Make a Dog’s Tail Wag by Putting the ‘Giving’ in Thanksgiving

Published by Alisa Mullins.

As many of us sit down to a hearty meal with family and friends this Thanksgiving, millions of dogs across the country will be living as they do every day: on a barren patch of dirt amid their accumulated feces, a crumbling and rotting doghouse (if they have any shelter at all), a nearly empty bowl of putrid water (if it hasn’t overturned), and a few pieces of kibble tossed on the ground, often out of the dogs’ reach because of the chains that restrict their movement.

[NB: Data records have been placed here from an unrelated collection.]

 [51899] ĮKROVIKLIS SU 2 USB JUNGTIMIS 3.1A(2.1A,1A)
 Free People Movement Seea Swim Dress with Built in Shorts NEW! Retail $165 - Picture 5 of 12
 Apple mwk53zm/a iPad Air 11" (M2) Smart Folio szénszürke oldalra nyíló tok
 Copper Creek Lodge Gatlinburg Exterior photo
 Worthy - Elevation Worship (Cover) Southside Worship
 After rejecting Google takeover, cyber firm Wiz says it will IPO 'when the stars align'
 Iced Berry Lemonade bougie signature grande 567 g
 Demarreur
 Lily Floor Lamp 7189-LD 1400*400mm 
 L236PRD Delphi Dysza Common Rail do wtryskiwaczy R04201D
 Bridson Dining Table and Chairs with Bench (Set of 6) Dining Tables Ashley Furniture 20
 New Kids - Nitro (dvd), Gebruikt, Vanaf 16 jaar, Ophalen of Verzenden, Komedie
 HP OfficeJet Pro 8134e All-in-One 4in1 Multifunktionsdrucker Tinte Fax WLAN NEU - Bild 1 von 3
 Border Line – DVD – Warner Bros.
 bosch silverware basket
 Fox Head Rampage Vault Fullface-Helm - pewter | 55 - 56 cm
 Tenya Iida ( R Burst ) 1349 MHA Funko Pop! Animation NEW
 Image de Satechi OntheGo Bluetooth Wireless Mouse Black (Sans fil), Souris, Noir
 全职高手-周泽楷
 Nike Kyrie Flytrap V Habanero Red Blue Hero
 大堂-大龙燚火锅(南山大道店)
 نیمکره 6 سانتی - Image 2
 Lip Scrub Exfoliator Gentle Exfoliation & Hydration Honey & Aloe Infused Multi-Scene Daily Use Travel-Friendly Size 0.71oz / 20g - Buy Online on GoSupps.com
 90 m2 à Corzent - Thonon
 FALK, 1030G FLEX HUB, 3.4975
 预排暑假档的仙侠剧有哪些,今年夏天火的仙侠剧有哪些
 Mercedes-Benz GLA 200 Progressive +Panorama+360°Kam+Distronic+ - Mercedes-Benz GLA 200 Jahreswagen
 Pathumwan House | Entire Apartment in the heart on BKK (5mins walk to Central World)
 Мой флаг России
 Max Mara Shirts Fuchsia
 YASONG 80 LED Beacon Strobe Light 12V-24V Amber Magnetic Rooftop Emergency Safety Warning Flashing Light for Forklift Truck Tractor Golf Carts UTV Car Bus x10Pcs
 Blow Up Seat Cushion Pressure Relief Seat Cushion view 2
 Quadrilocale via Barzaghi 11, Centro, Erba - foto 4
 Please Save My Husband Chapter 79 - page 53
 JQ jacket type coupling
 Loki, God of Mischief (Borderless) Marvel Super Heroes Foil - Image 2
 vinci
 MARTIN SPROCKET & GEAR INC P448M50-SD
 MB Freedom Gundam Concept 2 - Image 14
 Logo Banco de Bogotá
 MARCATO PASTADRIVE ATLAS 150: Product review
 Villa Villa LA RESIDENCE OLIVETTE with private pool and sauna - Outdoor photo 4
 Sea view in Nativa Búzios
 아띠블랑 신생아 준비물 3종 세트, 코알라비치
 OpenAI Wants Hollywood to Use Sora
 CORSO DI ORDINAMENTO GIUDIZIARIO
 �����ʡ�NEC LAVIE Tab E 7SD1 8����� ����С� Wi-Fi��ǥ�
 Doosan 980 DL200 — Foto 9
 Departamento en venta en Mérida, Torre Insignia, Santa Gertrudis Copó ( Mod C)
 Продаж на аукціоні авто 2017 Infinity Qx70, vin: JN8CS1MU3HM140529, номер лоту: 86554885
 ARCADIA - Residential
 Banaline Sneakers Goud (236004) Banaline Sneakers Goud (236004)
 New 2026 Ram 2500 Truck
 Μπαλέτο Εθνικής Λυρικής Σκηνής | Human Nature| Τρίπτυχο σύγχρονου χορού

Dog Chained in Yellow Trash Can

PETA’s fieldworkers are trying to change that, at least for the dogs in the area surrounding our headquarters at the Sam Simon Center in Norfolk, Virginia. All year round, our fieldworkers deliver doghouses,  toys, treats, straw bedding, and other basic necessities to lonely, neglected “backyard dogs,” bringing a little comfort to dogs who would otherwise have nothing to alleviate the tedium of long days and cold nights spent chained or penned in “solitary confinement.”

Black dog Smokie with CAP Toy Smokie shows off his new digs and “housewarming present.”

That’s where you come in. PETA’s fieldworkers have compiled a wish list of supplies that they routinely take on their visits to neglected dogs, including dog toys and treats, flea treatment, fly repellent, collars, and bowls. We’ve set up an Amazon registry that people can use to purchase the items on our fieldworkers’ wish list and then, with the click of a mouse, have them sent directly to PETA.

On behalf of Smokie and the thousands of other dogs PETA’s fieldworkers have helped, thank you in advance for giving neglected dogs something to be thankful for this Thanksgiving.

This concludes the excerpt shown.